I bid farewell to the Luddite Movement that I once believed so strongly in and fully commit myself to being a part of the “Twitter Generation” Thanks for having me, guys.
Aw, here it goes… (Kenan & Kel, anyone?)
One. “Getting My Sea Legs (or should I say Blog Legs? No. sounds creepy):
A Brief Introduction”
Juliet Capulet once said from a balcony in Verona: "What's in a name? That which we call a rose, By any other name would smell as sweet (Romeo & Juliet II, ii, 1-2)…
It’s a classic line, and I get it, what she’s saying. Despite his unfortunate last name, her Love would remain unchanged to her: He would have the same soul, same (assumedly) lovely eyes, the same excellent talent for verse in the English language (especially considering the fact that he was Italian), etc. However, I think, in her tunneled vision, Juliet here has minimized the power of the name, and I must address this fallacy today, since I know this troubles all of you as well : )
This is what my first entry is about: the title of my blog. It might seem lame, but this is totally necessary for me because, you see, I am a believer in names.
The Anglo-Saxons used to name everything. Their swords, their helmets, their armor, their cutlery (can you imagine a world in which you could be found drinking out of your noble coffee mug, “Arabica”?? I certainly can…), their children (an odd habit we continue to carry out to this day)…anything noble or of worth, anything that ensured their survival or enhanced the quality of their survival, was given a name.
What do I have to name?
My iPhone? Perhaps its name would be “the reason I now tweet in bed.” …That’s lacking something.
My Kindle? Considering mine met its Maker about 2 months ago, the only name it merits is “broken.”
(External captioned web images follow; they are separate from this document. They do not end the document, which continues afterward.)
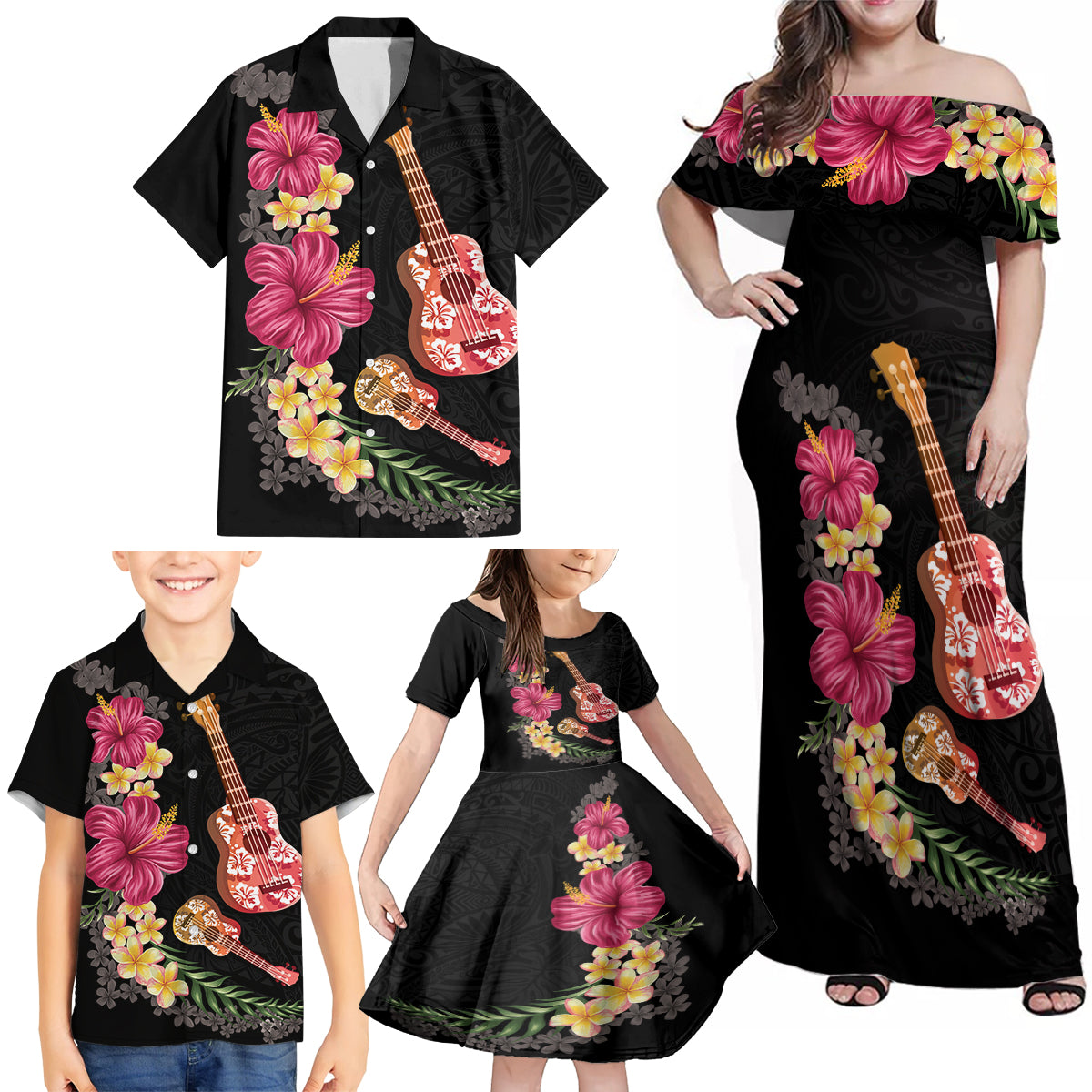 Ukulele mix Polynesian Flower Family Matching Off Shoulder Maxi Dress and Hawaiian Shirt Hawaiian Tribal Pattern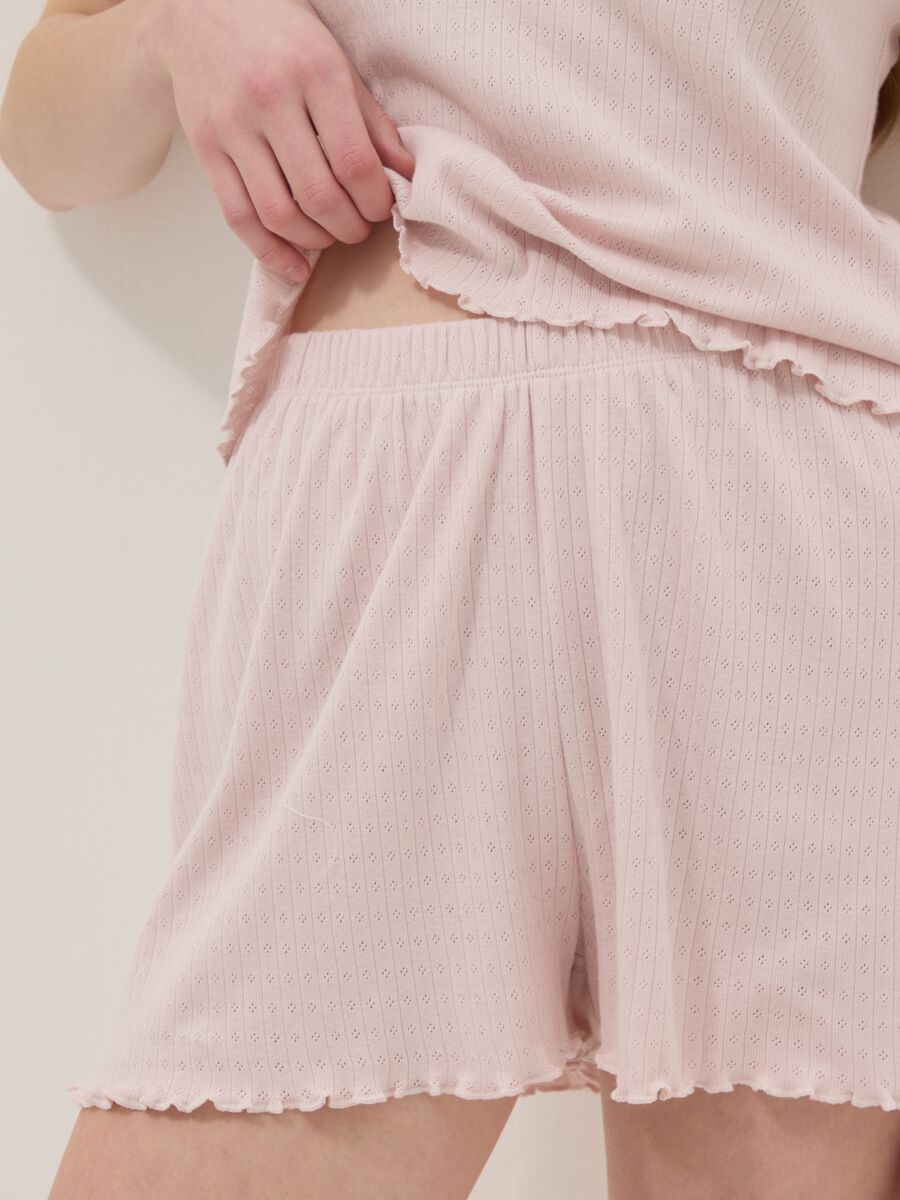 Pink pure cotton regular fit pyjama shorts with gathered edges_3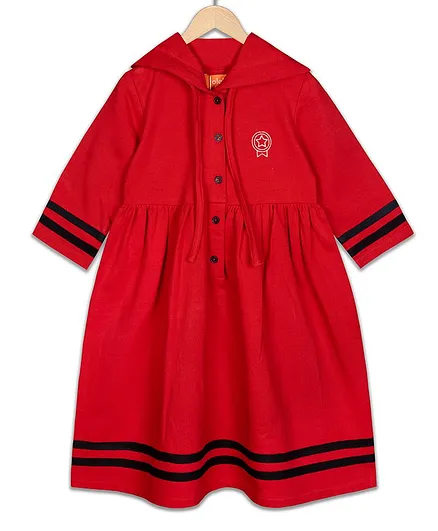 Olele Full Sleeves Front Buttoned Hooded Dress - Red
My kitten? Oh wait. I am not allowed to have one…but her name would be Luna Lovegood, and I swear I would cherish her forever…but that’s another entry entirely…
So, when I decided to bite the proverbial bullet and make a blog, I think the thing that excited me the most was giving it a title that characterized me. My journey ended on the title of the poem, somewhere i have never travelled,gladly beyond, by ee cummings.
It’s an odd, beautiful little poem, probably my third favorite of all time (not sure what the first two are, they are yet to be known to me), and it’s me.
That pretty much sums me up in this moment. I had something to write about 2 hours ago, a laundry list of comical/serious aspects of my person, but so much has changed since then. Things seem to change—I seem to change—so quickly I can’t even keep up with myself. This truth is incredibly ironic in that I am in what seems an interminable period of “I don’t know” and wait. I am learning and changing constantly, but my circumstances seem to linger on, persistent and stubborn. They’re not bad, just persistent and stubborn. And they don’t find me exactly where I feel I was made to dwell.
This solidifies my choice of title even more.
The first 2 lines of this poem read,
“somewhere i have never travelled,gladly beyond
any experience,your eyes have their silence”.
This is actually the only reality I know right now. That my whole existence lies somewhere I have never traveled. My world revolves around the One whose eyes have their silence in this mysterious place I long to be caught up in: First here. then There. But certainly always. (and I forget too often, even now). And I am glad.